- **Exercise goal**: On every line of the listing, check for "with"; copy the lines that have it.

- **Stored data**:
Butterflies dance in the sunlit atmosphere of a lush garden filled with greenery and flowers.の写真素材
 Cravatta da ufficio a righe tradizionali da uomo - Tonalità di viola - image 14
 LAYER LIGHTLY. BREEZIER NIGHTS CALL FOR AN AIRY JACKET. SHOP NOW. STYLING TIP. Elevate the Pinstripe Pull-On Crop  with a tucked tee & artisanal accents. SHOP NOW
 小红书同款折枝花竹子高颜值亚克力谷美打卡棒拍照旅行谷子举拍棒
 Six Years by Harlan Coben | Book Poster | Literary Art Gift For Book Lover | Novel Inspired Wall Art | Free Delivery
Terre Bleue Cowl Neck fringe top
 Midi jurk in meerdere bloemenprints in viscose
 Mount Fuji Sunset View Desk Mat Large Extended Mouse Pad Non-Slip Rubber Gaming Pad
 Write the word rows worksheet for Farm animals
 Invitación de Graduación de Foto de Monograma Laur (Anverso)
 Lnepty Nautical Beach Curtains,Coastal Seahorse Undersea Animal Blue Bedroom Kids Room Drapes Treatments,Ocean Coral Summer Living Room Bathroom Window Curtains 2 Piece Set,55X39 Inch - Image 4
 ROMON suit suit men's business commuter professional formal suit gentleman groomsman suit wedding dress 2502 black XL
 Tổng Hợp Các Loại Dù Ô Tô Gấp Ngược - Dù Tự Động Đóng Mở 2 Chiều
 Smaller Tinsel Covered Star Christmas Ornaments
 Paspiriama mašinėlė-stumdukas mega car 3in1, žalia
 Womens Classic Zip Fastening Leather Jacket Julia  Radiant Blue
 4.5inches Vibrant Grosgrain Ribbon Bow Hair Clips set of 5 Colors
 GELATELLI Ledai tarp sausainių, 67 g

- **Answer to the exercise**:
Butterflies dance in the sunlit atmosphere of a lush garden filled with greenery and flowers.の写真素材
 LAYER LIGHTLY. BREEZIER NIGHTS CALL FOR AN AIRY JACKET. SHOP NOW. STYLING TIP. Elevate the Pinstripe Pull-On Crop  with a tucked tee & artisanal accents. SHOP NOW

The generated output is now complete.